MAN-chronique n°12
Faux et usage de faux : la science du moulage
La première fois que je suis entrée dans le « laboratoire » de Philippe Catro, il était en train de reproduire des objets paléolithiques : les copies partaient pour le Japon, à l’occasion d’un prêt du Musée pour une exposition itinérante qui devait faire étape à Fukushima. Catherine Schwab, la conservatrice des collections du Paléolithique, n’avait pas semble-t-il l’intention de laisser partir les originaux au pays du Soleil Levant, dans un environnement accessoirement radioactif... Un ravissant petit harpon en os de renne était déjà moulé, en attente de sa patine. Une fois réalisé, il serait impossible pour un non-spécialiste de le distinguer de l’original.
Philippe Catro avait également à portée de main un moulage de la Dame de Brassempouy, la minuscule figure emblématique du musée, dont l’original ne quitte pas la salle Piette.
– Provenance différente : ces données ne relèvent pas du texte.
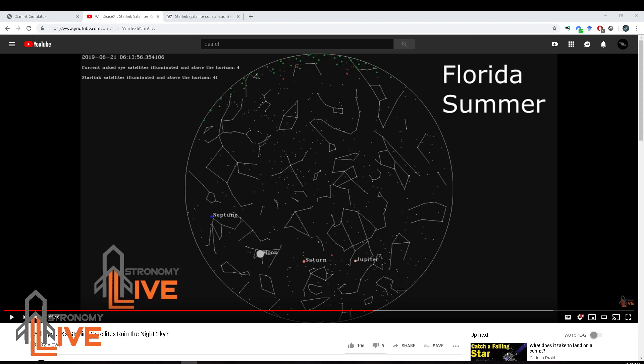Hi folks, welcome to Astronomy Live. In my previous video I showed some new software I created for simulating the future night sky filled with Starlink satellites launched by SpaceX. SpaceX is launching Starlink satellites to provide high bandwidth, low latency internet connections to people all around the world using low earth orbit satellites — up to about 12,000 of them. This has ramifications on how many satellites we'll see at night during hours immediately following sunset and preceding dawn, when they have line of sight to the sun and are reflecting sunlight. But it depends on the time of year and location, as I demonstrated in my previous video.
Ce que j’ai vu sur la paillasse de son atelier ce jour-là m’a tout de suite donné envie de revenir et de découvrir son travail de faussaire de haut vol. Il m’a accueillie une deuxième fois début novembre 2019 et j’ai découvert la remarquable organisation d’une activité consubstantielle au musée : la fabrication de moulages.
Philippe Catro cite d’entrée de jeu Abel Maître, sculpteur, premier mouleur de Sa Majesté, qui entre au « musée des Antiquités celtiques et gallo-romaines » dès 1866. Abel Maître le bien nommé qui, jusqu’en 1850, a dirigé l’atelier de moulage du Louvre. À partir de 1861, il a commencé à réaliser le moulage d’objets issus de fouilles archéologiques, qui vont bientôt remplir les vitrines du nouveau musée. Il dirigera les ateliers de moulage et de reproduction à Saint-Germain-en-Laye pendant trente ans. C’est ainsi que, depuis l’origine, une partie du « mobilier archéologique » (comme on appelle tous les objets issus de fouilles) est moulé et reproduit.
Ce sont les fouilles d’Alésia, sous Napoléon III, qui vont donner naissance à l’entreprise des moulages. Dès 1864 on commence à mouler, en particulier des objets du musée de Carnac, menhirs, dolmens, et autres gros mégalithes chers aux lecteurs d’Astérix.
Les objectifs sont multiples : conserver une copie des originaux, bien sûr, mais aussi faire des échanges avec d’autres musées, et enfin vendre des moulages. Sous la direction d’Abel Maître, travaillent alors cinq ou six personnes. Un véritable atelier...
Celui de Philippe Catro est installé rue Thiers, en face du château, dans le petit bâtiment tranquille où travaille également Catherine Schwab (cf. chronique n°4), et juste à côté de l’atelier d’Anabelle Palignac (cf. chronique n°9). J’ai eu l’occasion d’y venir plusieurs fois, d’abord parce que c’est un lieu imprégné d’un charme particulier, ensuite parce que j’ai souvent tenté de saisir Philippe Catro en plein travail, un travail d’artiste, d’artisan, d’inventeur, de technicien de pointe, de formidable faussaire et de remarquable observateur.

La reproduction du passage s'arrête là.